■ **ASSIGNMENT**
Using the listing below, please print exactly the lines from the one with "Embossment Patterned TPU" through the one with "Sticker personnalisé Brette". Leave out every picture.

■ **DATA SHOWN**
════════════════

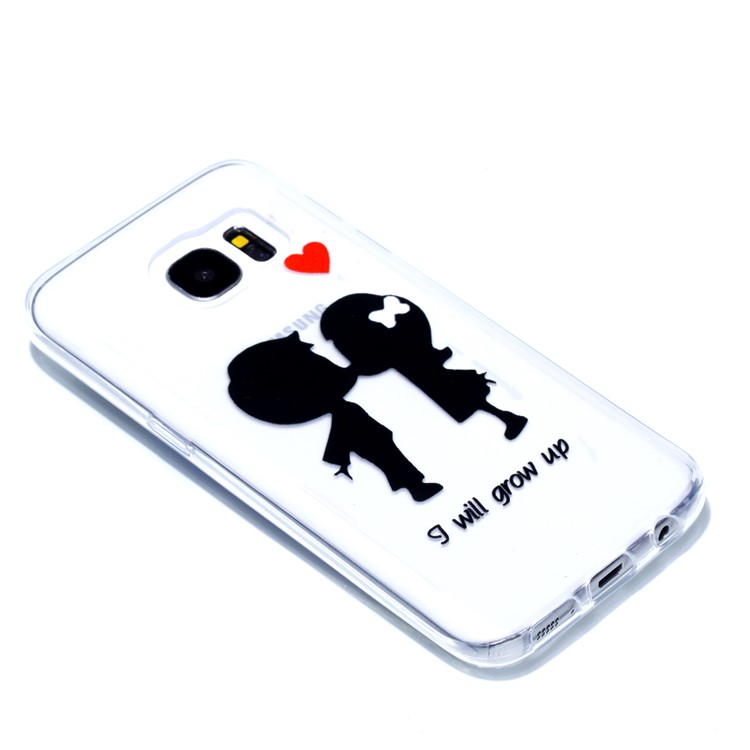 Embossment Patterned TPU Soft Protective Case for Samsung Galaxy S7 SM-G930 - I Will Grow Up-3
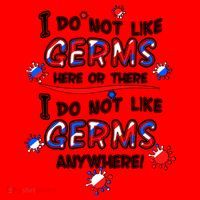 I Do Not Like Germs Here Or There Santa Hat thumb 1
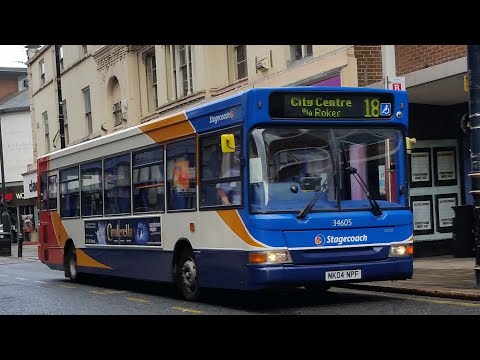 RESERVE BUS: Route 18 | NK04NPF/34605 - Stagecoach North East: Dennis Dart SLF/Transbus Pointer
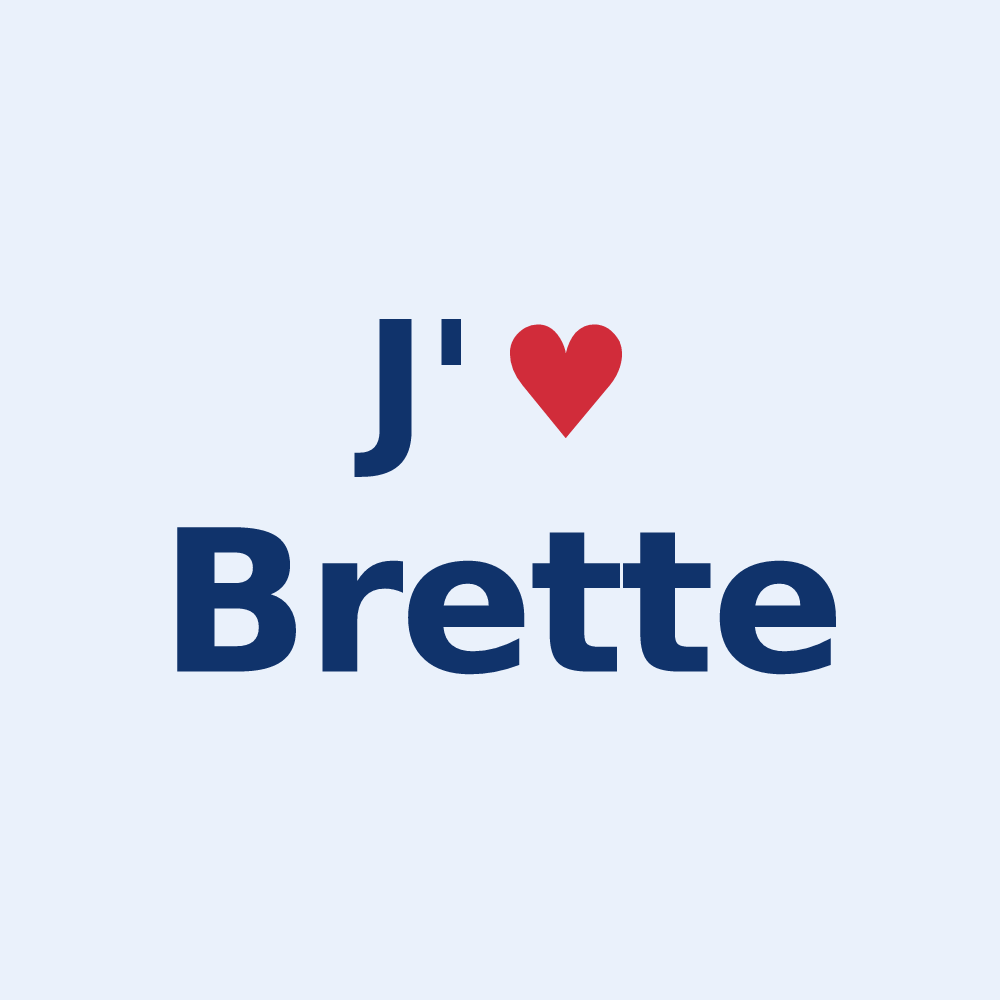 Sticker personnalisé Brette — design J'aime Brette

════════════════

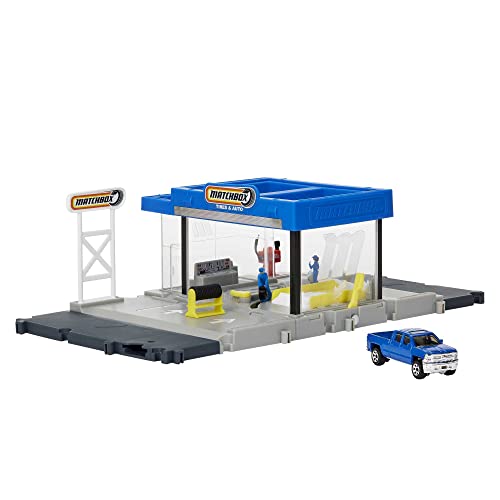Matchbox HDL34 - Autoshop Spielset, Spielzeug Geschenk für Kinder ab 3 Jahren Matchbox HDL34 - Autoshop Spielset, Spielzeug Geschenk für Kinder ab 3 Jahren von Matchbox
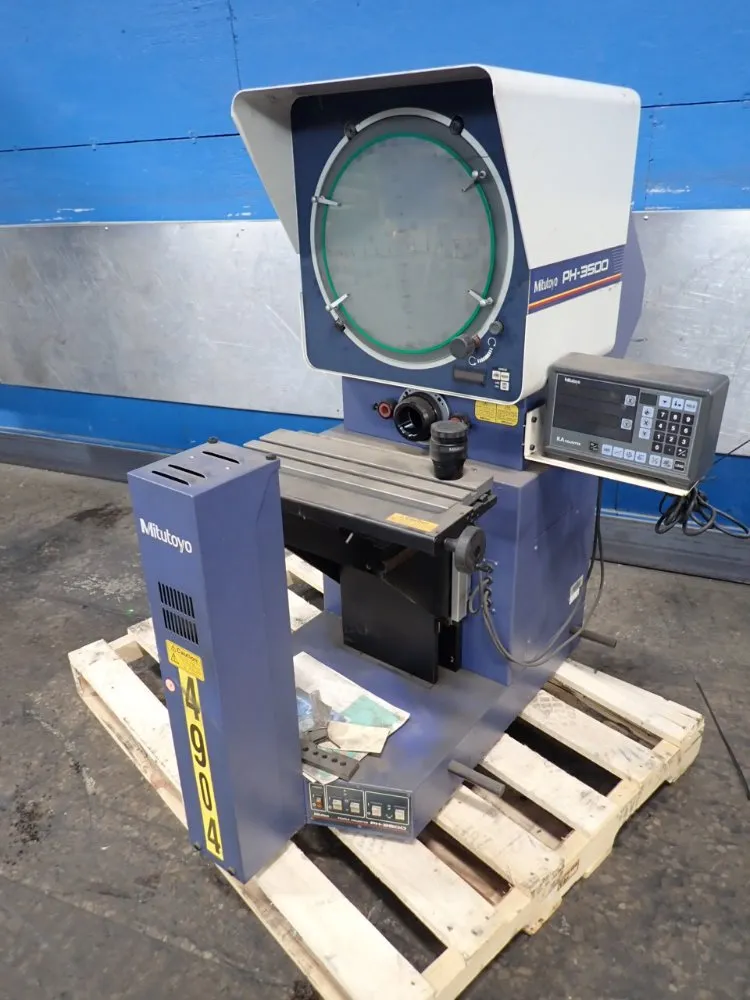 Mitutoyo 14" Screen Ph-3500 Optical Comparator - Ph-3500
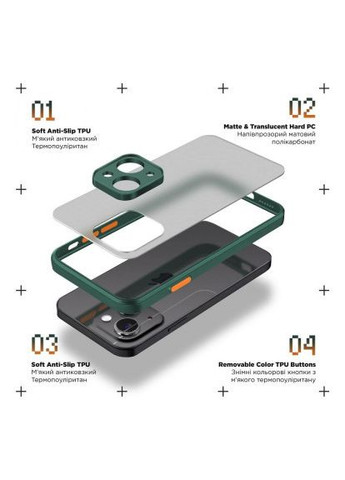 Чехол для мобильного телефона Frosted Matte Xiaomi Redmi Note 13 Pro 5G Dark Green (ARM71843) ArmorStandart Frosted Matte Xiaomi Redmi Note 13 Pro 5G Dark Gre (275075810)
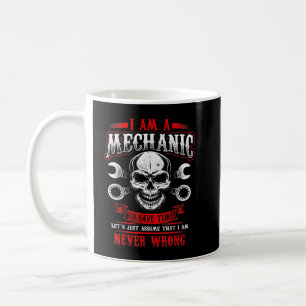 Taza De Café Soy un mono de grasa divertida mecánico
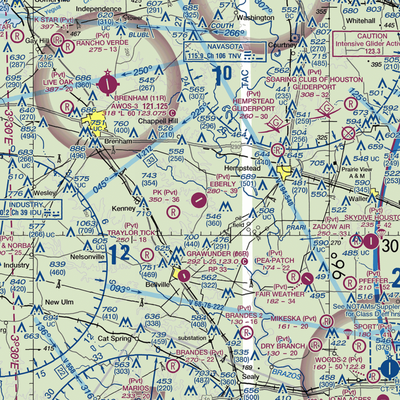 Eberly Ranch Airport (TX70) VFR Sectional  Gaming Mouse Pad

════════════════

■ **SOLVED PROBLEM**
 Embossment Patterned TPU Soft Protective Case for Samsung Galaxy S7 SM-G930 - I Will Grow Up-3
 I Do Not Like Germs Here Or There Santa Hat thumb 1
 RESERVE BUS: Route 18 | NK04NPF/34605 - Stagecoach North East: Dennis Dart SLF/Transbus Pointer
 Sticker personnalisé Brette — design J'aime Brette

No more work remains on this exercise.